O presidente da Junta da União de Freguesias do Centro Histórico do Porto denunciou esta segunda-feira que o “caos” provocado pelo alojamento local, onde novos registos estão proibidos pelo menos por seis meses, é causado pelo alojamento “paralelo”.

A proposta de suspensão de novos registos de Alojamento Local (AL) “em zonas de contenção”, por um período de seis meses ou até à conclusão do Regulamento do Alojamento Local, foi aprovada por unanimidade na sessão extraordinária da Assembleia Municipal desta segunda-feira, contudo, António Fonseca, considerou que este não é o principal problema.

“Eu acho que, neste momento, o que nos está a preocupar mais, não é propriamente os que estão licenciados, são as camas paralelas. (…) Neste momento há um número elevado de camas paralelas a funcionar como Alojamento Local e acho que é aqui que devemos ter alguma cautela. É esse alerta que eu faço, para não pagar o justo pelo pecador”, defendeu.
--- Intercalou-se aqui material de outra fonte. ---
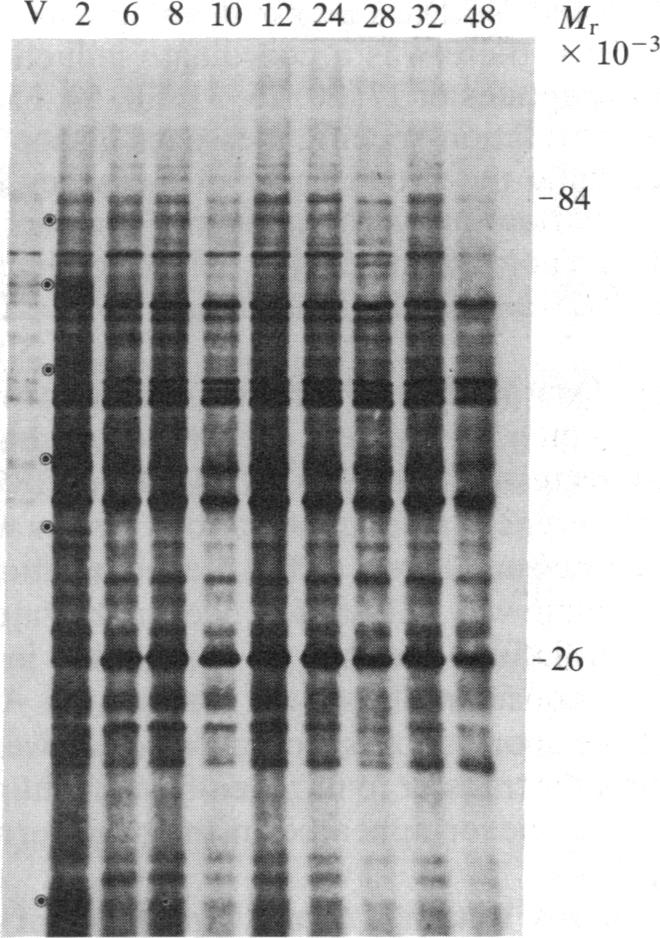 graphic file with name pnas00624-0064-a.jpg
Para o autarca, “a fiscalização é fundamental”, até porque, reitera que “o caos, neste momento, não é nos que estão licenciados, mas nos que não estão licenciados”.

Já a deputada do Bloco de Esquerda Susana Constante Pereira sublinhou que desde há um ano que o partido tem vindo a chamar a atenção para a necessidade de avançar com a suspensão de novos registos, tendo aliás dito “que havia dados que já permitiam fazer a leitura” agora apresentada por um estudo da Universidade Católica.

A bloquista esclareceu, contudo, que o voto favorável do BE não significa que olhem a proposta de suspender os novos registos em zonas com mais de 50% de pressão do AL “com bons olhos”.

Em resposta àquela deputada, o presidente da Câmara do Porto, Rui Moreira, acusou o Bloco de comportamento demagógico, defendendo que o partido tem duas políticas, uma “pré-Robles” e outra “pós-Robles”.

“É mentira que haja um estudo académico e, se houver, nunca foi distribuído nesta assembleia. É uma chatice fazer estudos académicos, contraria os bombos. Não tenho problema com nenhuma ideologia, mas tenho um problema com demagogia e aquilo que a deputada fez foi um exercício de demagogia”, disse.

Também o líder da bancada do movimento Rui Moreira, Porto: O nosso Partido, André Noronha, criticou a postura do BE, salientando que o estudo elaborado “tirou a conversa de café do caminho, tirou o ‘bitaite’ fácil e o debate puramente ideológico”, permitindo que os 45 dias de discussão pública do regulamento do AL sirvam para fazer “política decente”.

Já o deputado da CDU Artur Ribeiro defendeu que esta proposta devia ter sido aprovada há meses e considera que a mesma “não vai tão longe quando devia”, ao suspender os novos registos apenas nas zonas com pressão de AL acima dos 50%.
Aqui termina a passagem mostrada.